• **Your objective**: Your copy should begin at the line containing "Inheritance graph" and end at the last line of the records below, matching each line exactly and leaving out pictures.

Data entries
+ + + + +

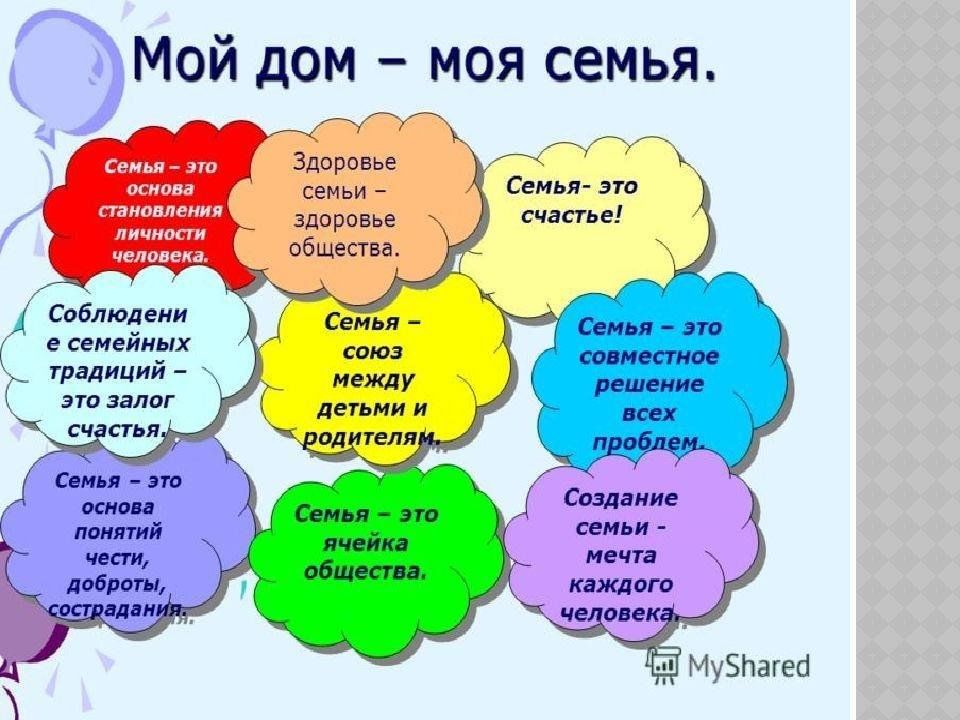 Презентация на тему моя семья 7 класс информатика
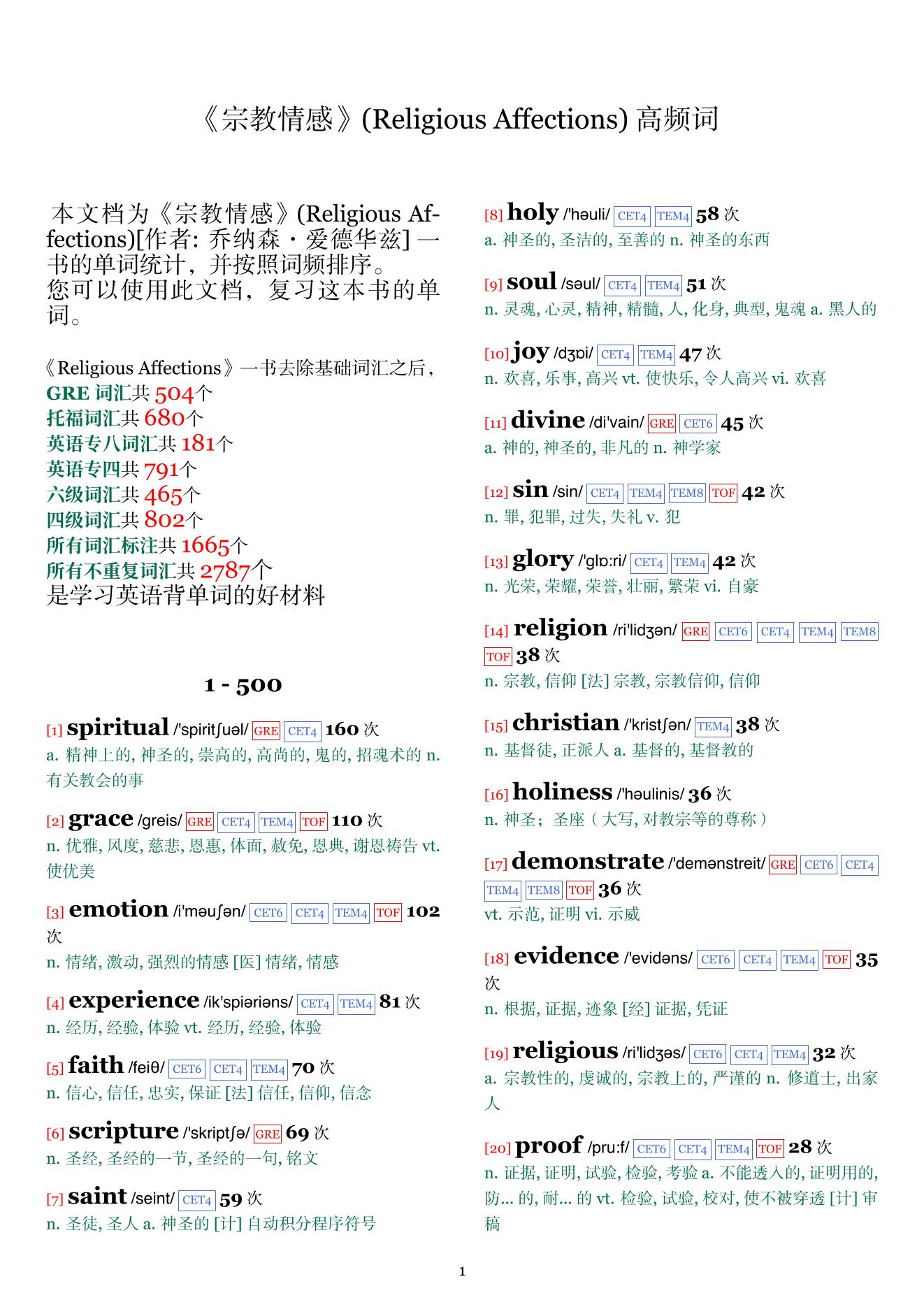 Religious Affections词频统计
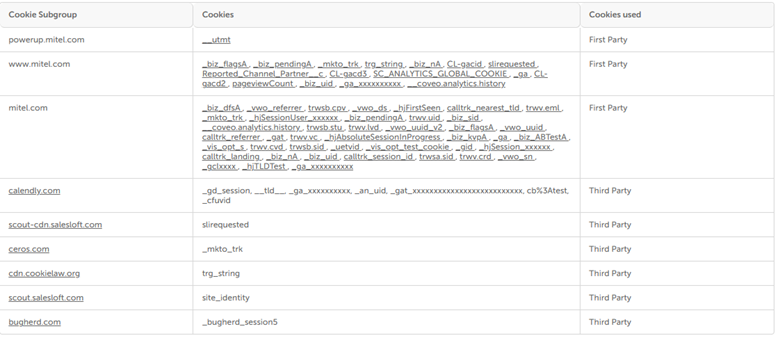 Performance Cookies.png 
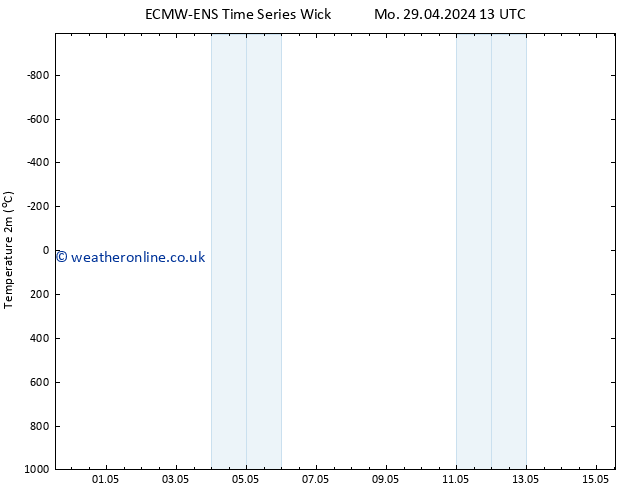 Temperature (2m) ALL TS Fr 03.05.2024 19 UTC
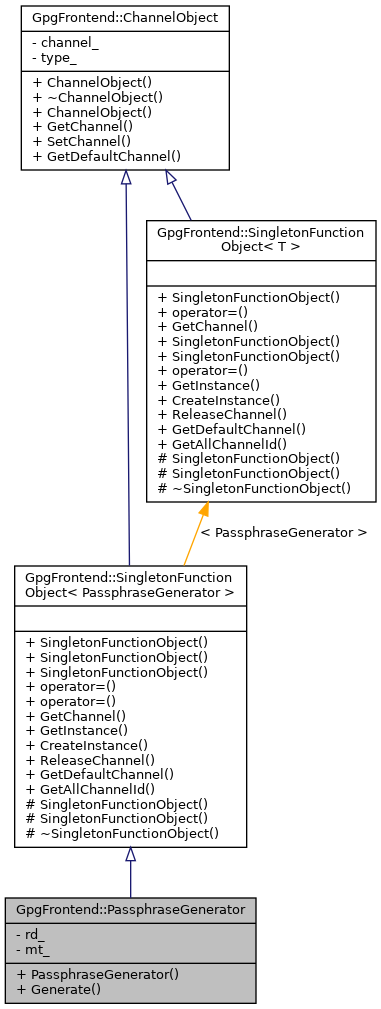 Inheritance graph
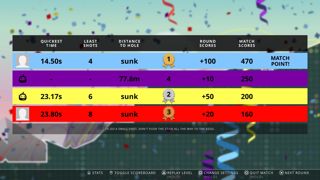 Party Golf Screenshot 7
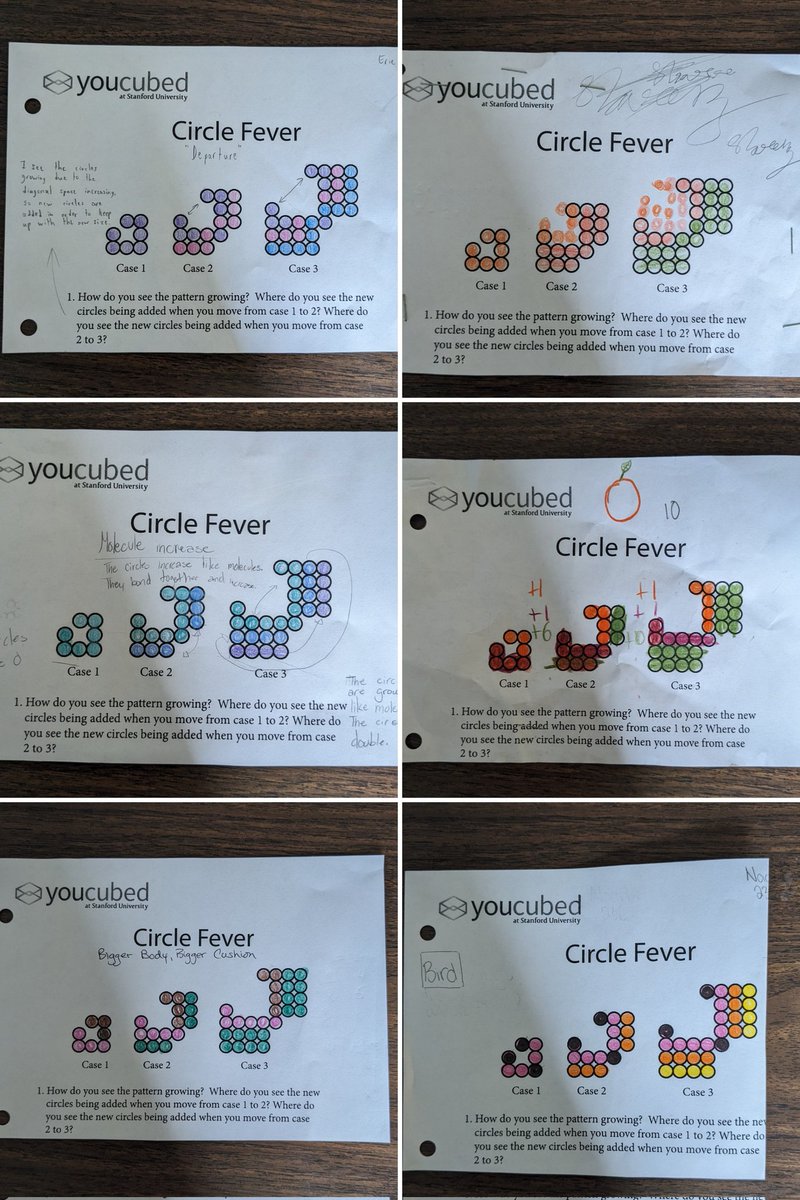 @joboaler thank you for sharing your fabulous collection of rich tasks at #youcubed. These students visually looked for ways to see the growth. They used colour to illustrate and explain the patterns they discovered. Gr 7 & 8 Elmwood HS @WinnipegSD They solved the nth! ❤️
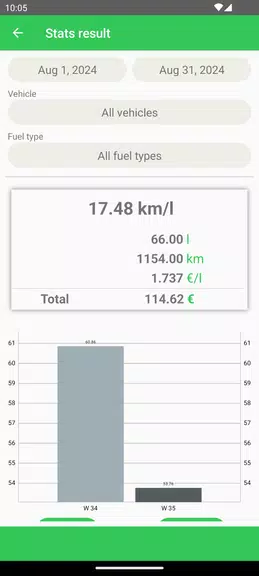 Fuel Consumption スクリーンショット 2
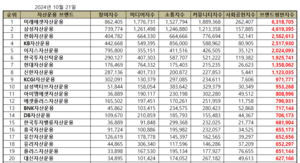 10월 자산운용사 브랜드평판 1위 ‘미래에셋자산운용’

+ + + + +

• **Task output**:
 Inheritance graph
 Party Golf Screenshot 7
 @joboaler thank you for sharing your fabulous collection of rich tasks at #youcubed. These students visually looked for ways to see the growth. They used colour to illustrate and explain the patterns they discovered. Gr 7 & 8 Elmwood HS @WinnipegSD They solved the nth! ❤️
 Fuel Consumption スクリーンショット 2
 10월 자산운용사 브랜드평판 1위 ‘미래에셋자산운용’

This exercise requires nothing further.